In this emerging context, because of its virtual and remote nature, the guidelines have to be reworked to meet the arising implications and establish fair, responsible and ethical management of such large quantities of information, containing potentially largely personal information of individuals.

Issues and concerns surrounding privacy and ethics have been raised recently around the data mining projects develop here at CASA. Most prominently at the CRESC conference in Oxford where it sparked a heated, but very interesting debate.

The questions arise over to what extent the users of online services agree to ‘their data’ being used for further research or analysis; potentially useful information which they often unknowingly generate while online. The lot of Survey Mapper and New City Landscape maps (NCL) generated from tweets sent with included geo location are working with data collected remotely through the internet without a direct consent from the ‘user’.

With the NCL maps for example we are working with around 150,000 twitter messages sent by about 45,000 individual twitter users. The data is collected through the public twitter API which is provided as an additional service by twitter. Using the API, twitter packages the outgoing data stream of tweets for third party developers of twitter applications. The data served through the API is believed to be exactly the same as it is used for the main twitter online page.

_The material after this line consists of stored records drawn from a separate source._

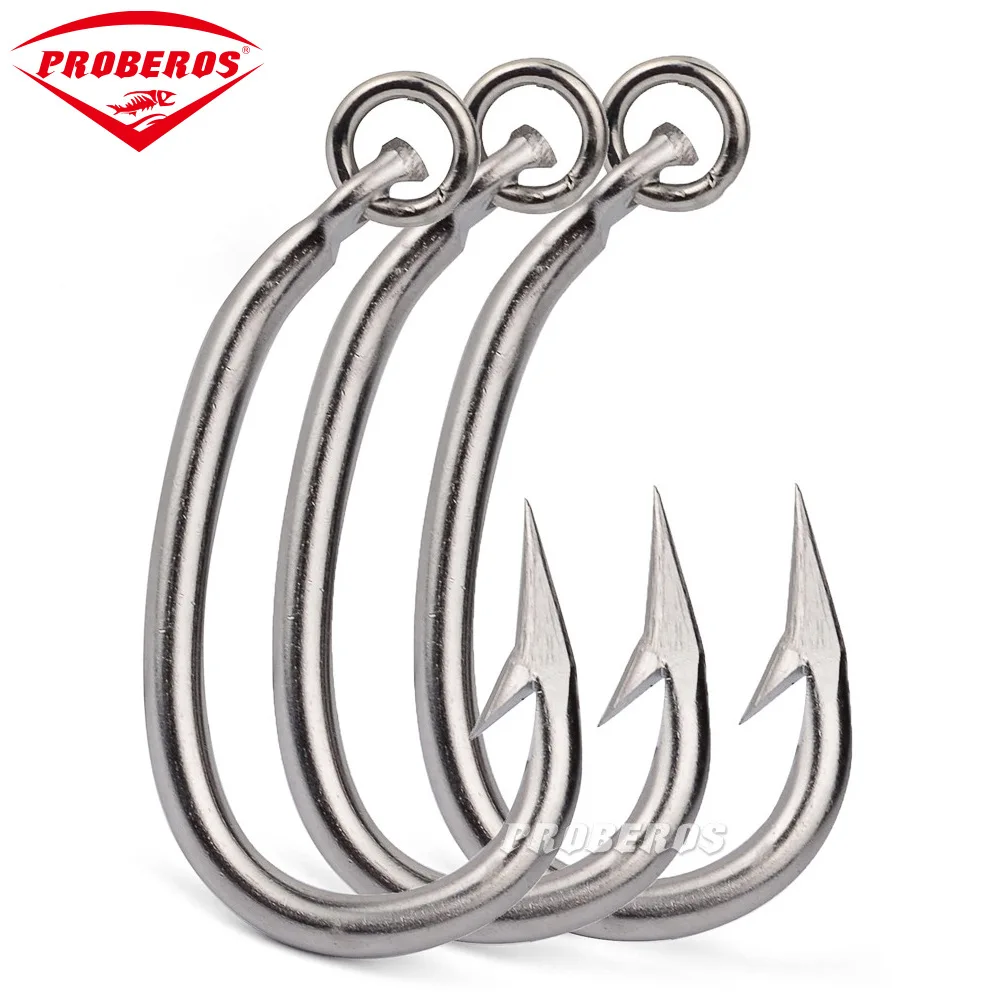 

Tuna Hook Fishing Stainless Steel Hook Have Barb Tuna Fishhook Seawater-Resistant Boat Fishing Boutique Large Fishhook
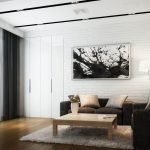 Svetlý dizajn obývacej izby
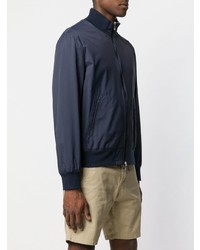 Мужской темно-синий бомбер от Brunello Cucinelli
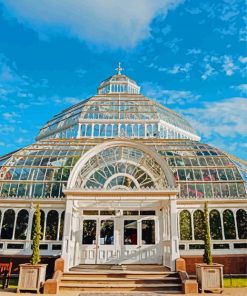 England Palm House Paint By Number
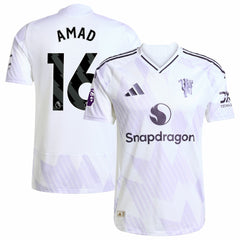 Amad Diallo Manchester United 2025/26 Away Player Jersey White - Adidas sale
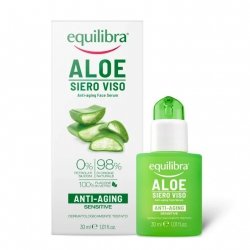 Equilibra Aloe Serum przeciwstarzeniowe do twarzy 50% aloesu  30ml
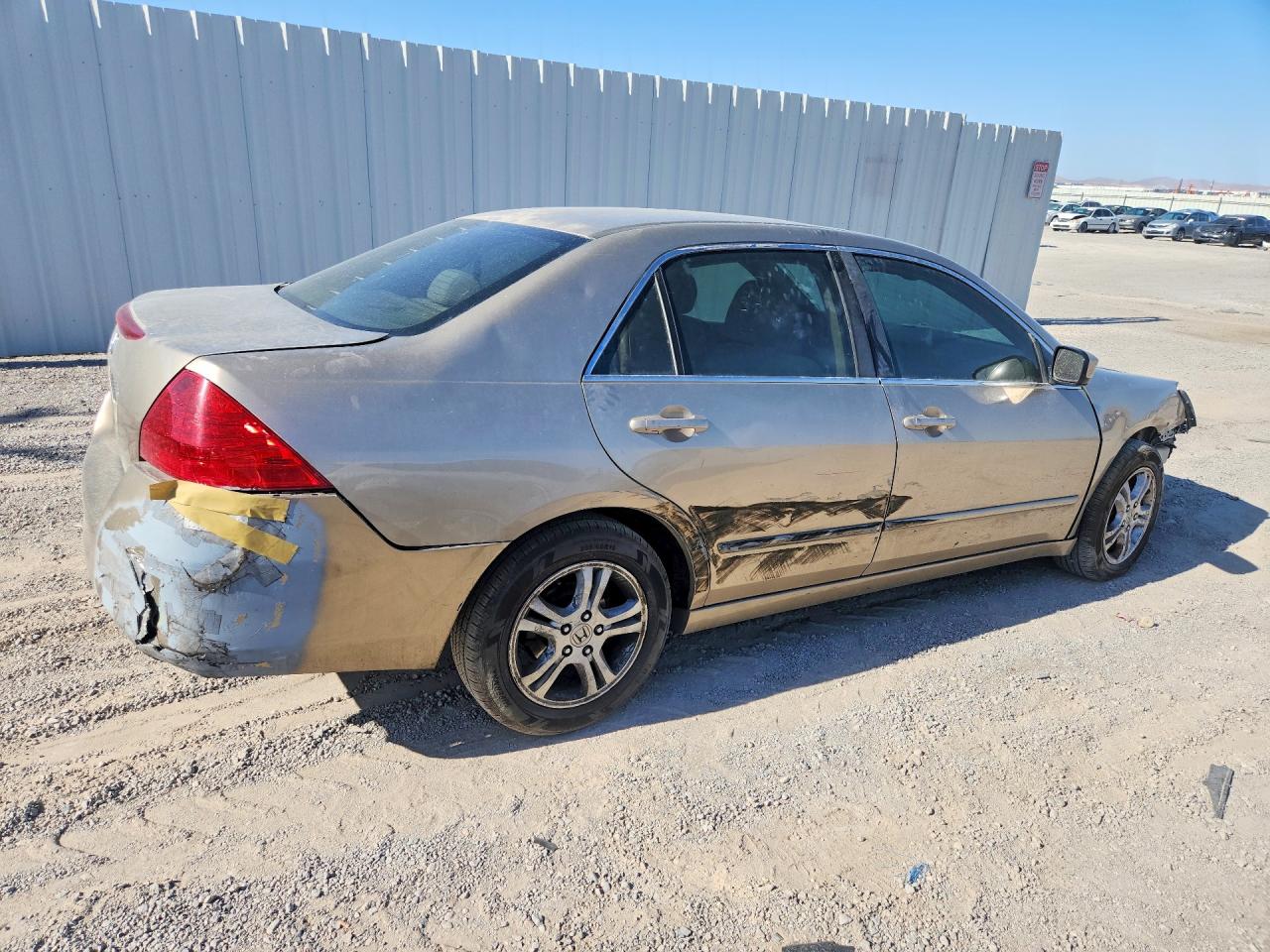 2007 Honda Accord Ex Золотой vin: 1HGCM56727A157151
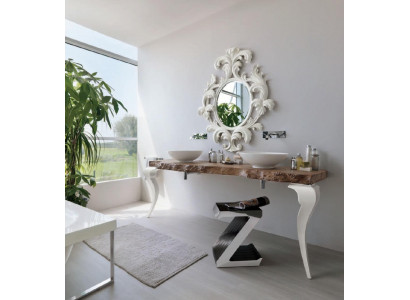 Klasické zrcadlo kulatého designu designu zrcadla na zeď nové bílé Itálie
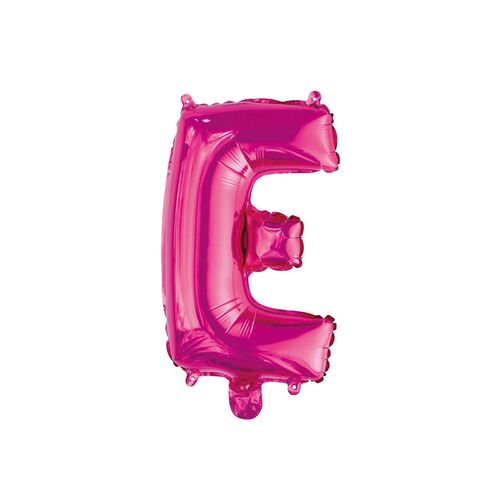Hot Pink E Letter Foil Balloon 35cm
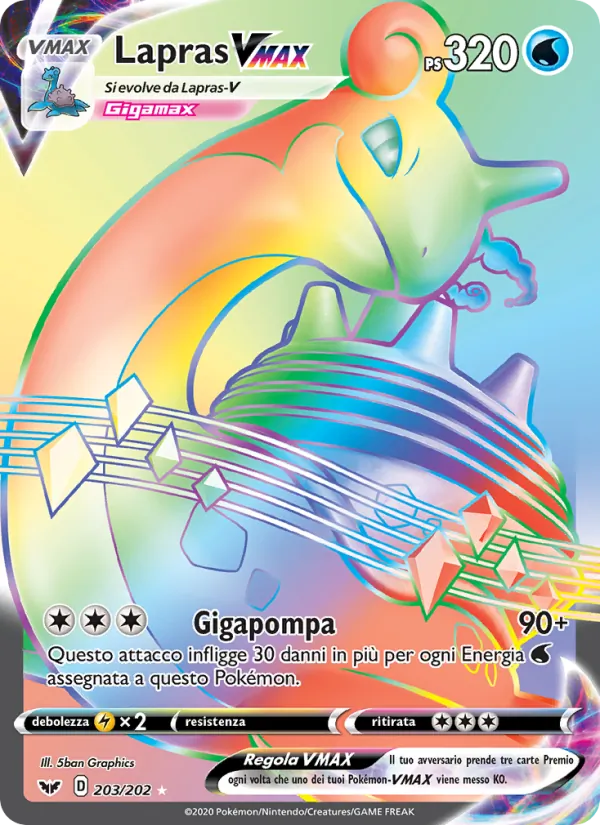 Lapras VMAX (Spada e Scudo #203/202)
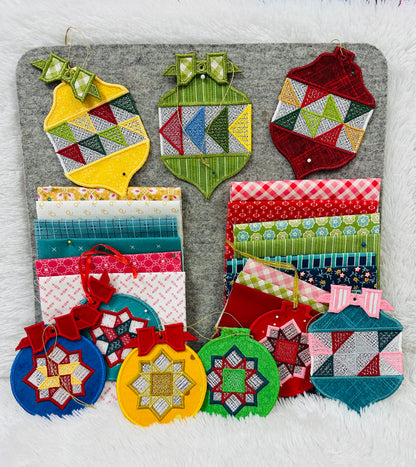 Lori Holt Home Town Holiday Patchwork Ornaments Fabric Kit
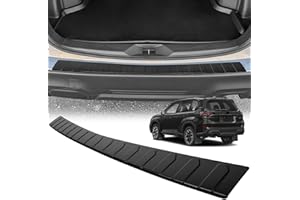 Hugeek Rear Bumper Protector for Subaru 2025 2026 Forester Car Accessories ABS Plastic Material Matte Black Resistant Trunk Door Entry Guards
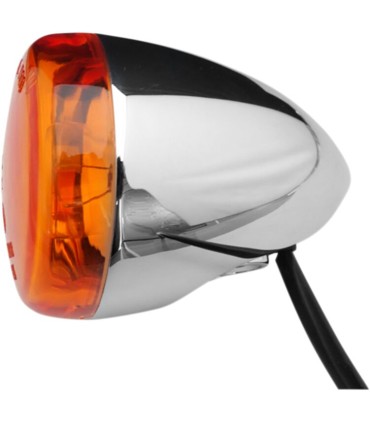 TURN SIGNAL AMBER CHR HD F/R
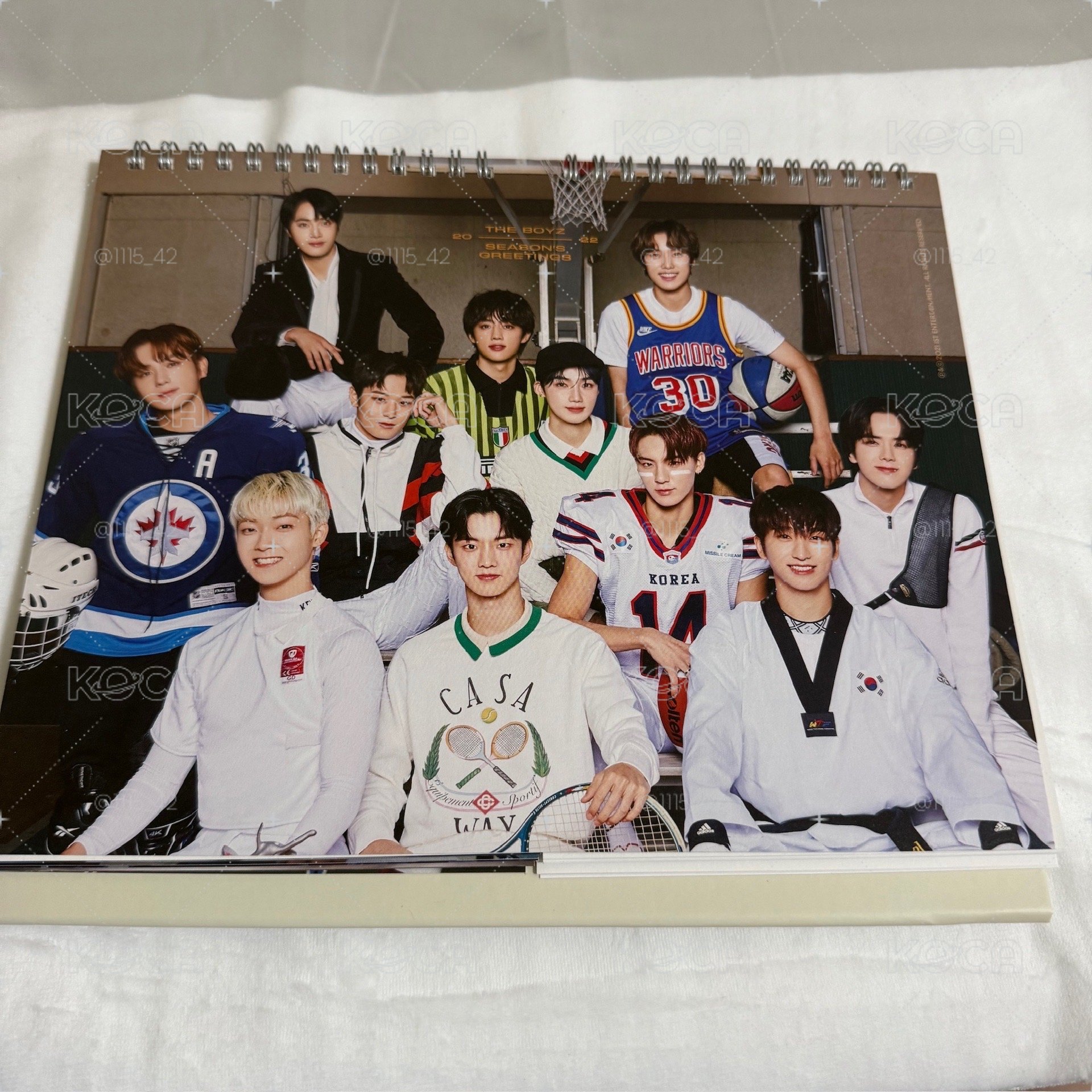 THE BOYZ 2022年曆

The implications in the case of twitter, and likly with other similar services lies in the perception of private and public. With twitter the user can set up a personal profile and start sending 140 character messages. These messages are generally undirected statements that are sent out to the world using the twitter platform. To get other peoples messages delivered onto the personal twitter account page one has to start ‘following’ other users. This needs to happen in order for other users to see one’s messages, they have to start ‘following’. Each user can manage the list of followers manually.

However, while this setting creates a sense of closed community and could, probably does, lead one to believe the information or data sent using this platform can only be read and accessed by the circle of followers (e.g. friends), this is actually not the case. Every twitter message sent, unless deliberately sent as private message, is public.

For example last week the first person was sent to curt, see the Guardian, because he tweeted a joke to his friend: ‘To bow the Robin Hood Airport sky high’. The twitter user was planning to fly out, but the airport was closed because of snow. How this message got him into trouble is not quite clear. The news article only states that an airport staff had by chance found the message using his home computer. Is he a follower of the tweeter or was he searching for the term ‘blow’ and ‘Robin Hood Airport’? However, this sounds a bit set up. But try the search. Now after the media attention the scanners will bring up loads of tweets containing the terms. So this airport staff will be very busy reading all the messages or any investigation unit filtering tweets will face some difficulties.

This is not, however, a unique case to twitter. The issue arises in a number of fields related to user generated data, ranging from Google to facebook, from Microsoft to Apple and from Oyster card to Nectar Card. Information is the basic material this bright new world is built of and the more one leverage it the bigger the value (see for instance ). The data generated by users on the web is constantly being analysed and pored back into the ocean of data. To some extend this is fundamental part of the whole web world.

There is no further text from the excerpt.